Introduction to Cloud Computing with Docker

Professor Robert J. Brunner

</DIV>


Introduction

In this Notebook, we will review some basic Docker issues, including an overview of the Docker engine and basic Docker usage scenarios, advanced Docker commands, how to acquire the Hadoop docker image, and how how to perform a Boot2Docker tune-up.


Docker Overview

To date in this course, we have pulled Docker images from the official Docker registry hub, run containers from these images, and stopped containers that were running. While this basic approach has already provided considerable benefit, Docker actually supports significantly more functionality. Before proceeding, a quick overview of the Docker technology should prove useful.

First, in order to run any Docker commands, we need to have a Docker daemon process. The Docker daemon processes the Docker commands that we enter, such as docker ps or docker run. On Linux systems, this daemon is fairly lightweight since many of the core functions required for Docker to work are embedded in the Linux kernel.
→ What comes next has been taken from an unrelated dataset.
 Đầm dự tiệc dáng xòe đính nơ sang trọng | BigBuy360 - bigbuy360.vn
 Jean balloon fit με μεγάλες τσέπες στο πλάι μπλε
On Windows or Mac OSX laptops, however, we need a separate application to function as the Docker daemon. This application is Boot2Docker, which uses the VirtualBox virtual appliance manager to operate a compact Linux OS (tinycore64 Linux) to provide the Docker daemon functionality. Since we are using a remote Docker daemon like Boot2Docker, we do not need to use sudo before executing any Docker command, as is typically shown in the Docker documentation. The docker daemon can be explicitly run by using the docker -d command, but in this class we do not need to do this since the boot2docker application already provides us with a Docker daemon.

Docker manages software by dealing with layers. A read-only layer is known as an image, and images can be stacked to form a more complex image. In this manner, we can start with a base operating system image and add software layers on top of this parent image to build a more complex image. This layering can be seen when you pull a Docker image and different components are individually pulled from the Docker registry. Images do not change and thus they have no state. Images are referred to by a 64 hexadecimal digit string, although a short identifier string consisting of the first twelve digits can be used at the command line.
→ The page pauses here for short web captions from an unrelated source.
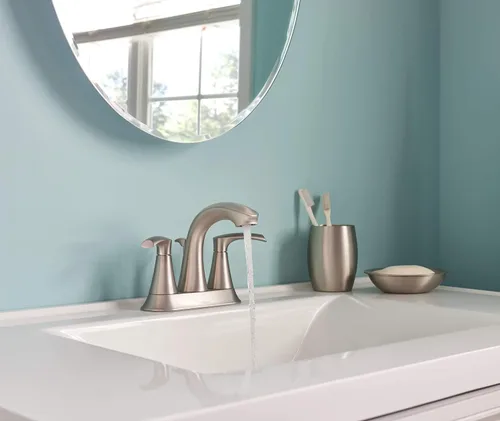 Miniatura 9 de Moen Graeden Spot Resist - Grifo de baño central de níquel cepillado de 2 manijas y 4 pulgadas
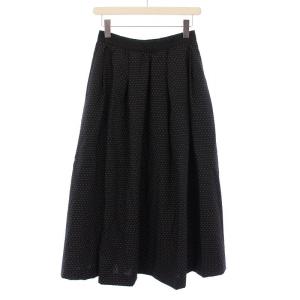 22SS DOT ジャガードタックスカート ロング ドット柄 リネン 36 黒 22060900405010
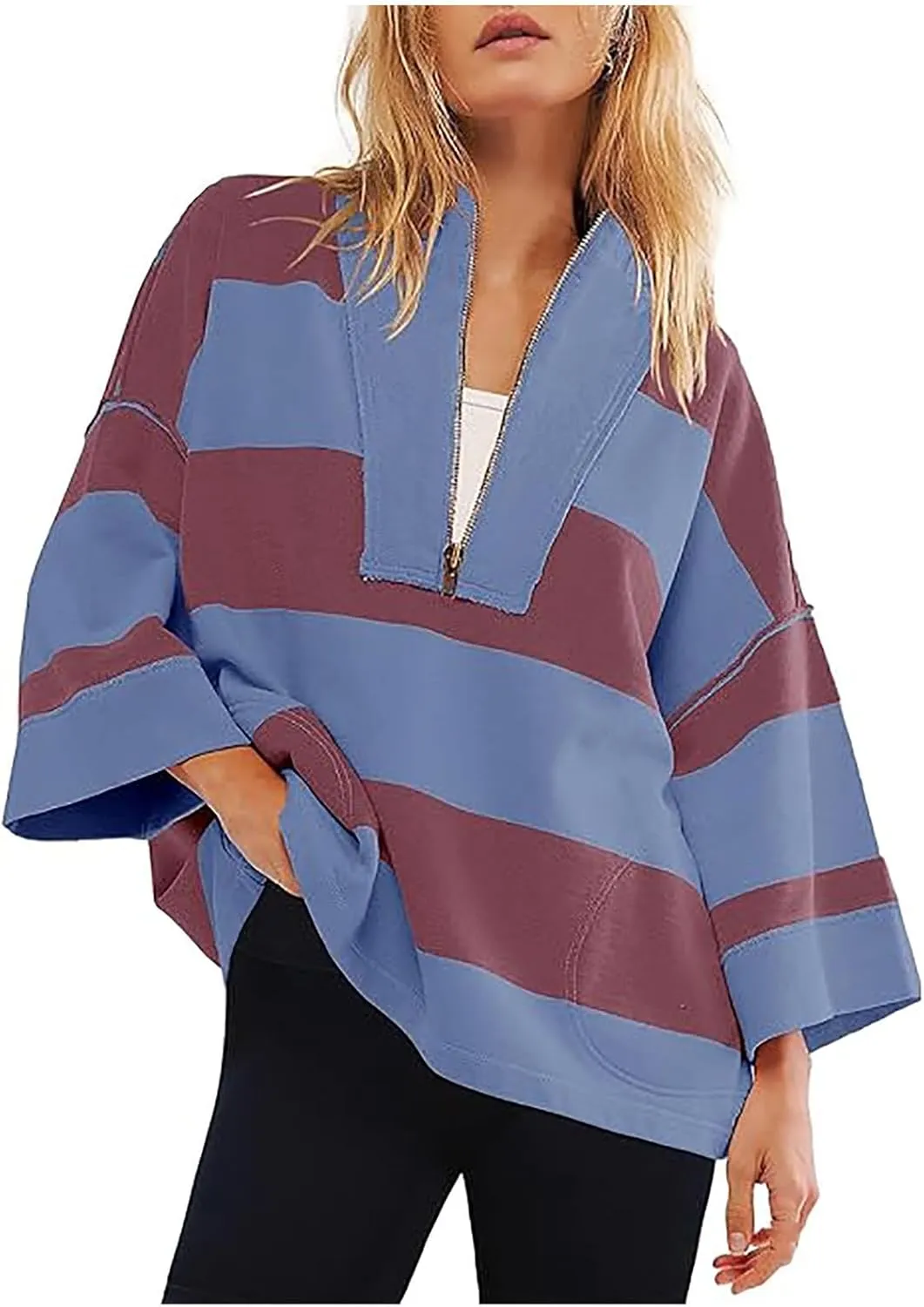 Oversized Striped Long Sleeve Sweatshirts For Women Half Zip Casual Loose Pullover Hoodies Fall Tops With Pockets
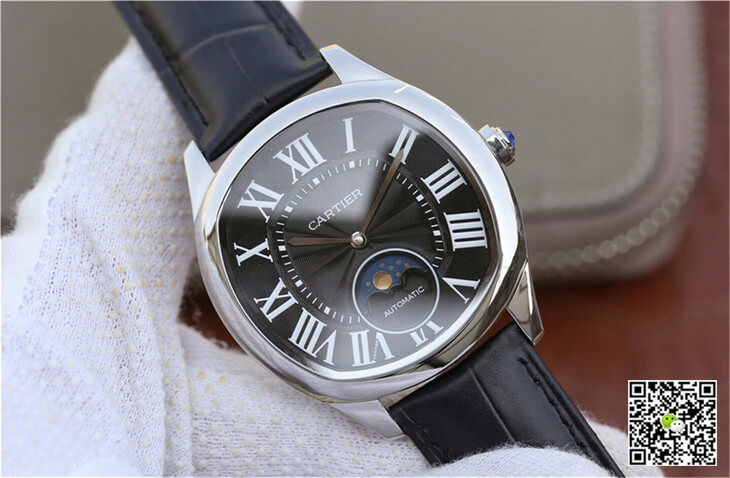 Replica Drive De Ca*t1er Moonphase WGNM0009 1:1 Best Edition Stainless Steel Black Dial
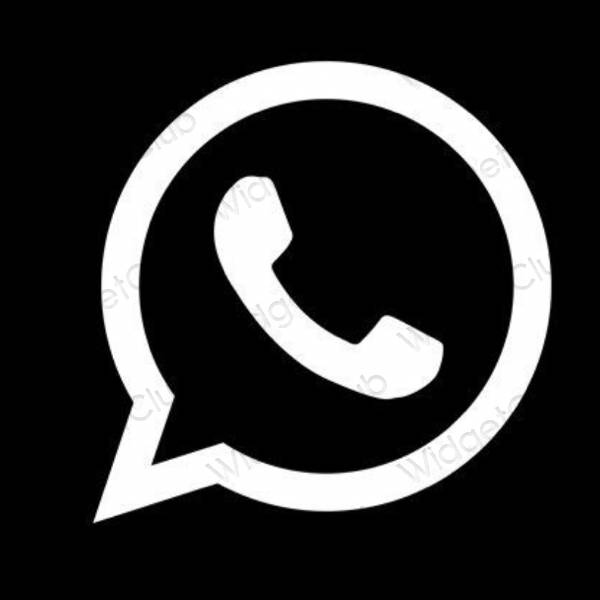 Aesthetic black WhatsApp app icons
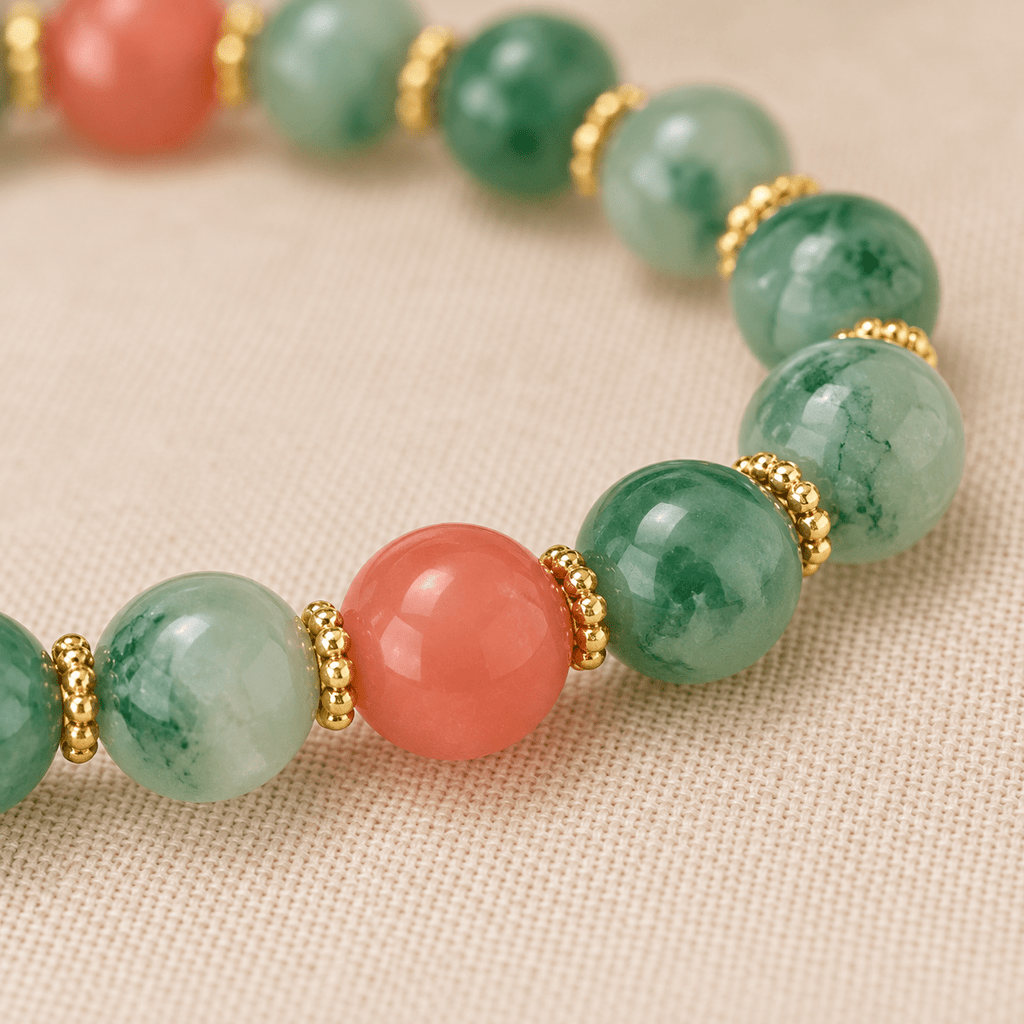 Green Aventurine & Carnelian Adjustable Bracelet - Ocean Rielle Studio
When an image is run, a new Docker container is created from the indicated image in which changes are allowed. The container can run in either detached or foreground mode. Detached mode is often used by servers (like our IPython Notebook server) as the container runs in the background. Interactions with the server are either through networked connections or via shared volumes. A detached container can be connected to via a docker attach command, or via the exec command for containers that support interactive access. In foreground mode, the container by default attaches to the console's STDIN, STDOUT, and STDERR (although this can be changed).

A running container can be referenced in one of three ways:

  1. the full 64 hexadecimal digit string (UUID)
  2. the first twelve digits from the full digit string (short UUID)
  3. the human readable name assigned by the Docker daemon (or via a provided tag).

A container can have an explicit restart policy, which can be useful for running server processes, for example, a container can be started to always restart when a container exits. In addition, by default a container's file system persists after the container exists. This allows post-mortem debugging, however, these zombie containers can quickly add up, consuming resources. A container can be started with the --rm flag to indicate that the container's file system should be removed after the container exits.


Hadoop Docker image

If you haven't yet done so, download the Hadoop Docker image built by SequenceIQ using an Ubuntu OS. Note that this is a trusted Docker container, and is automatically built and made available on the Docker Hub registry.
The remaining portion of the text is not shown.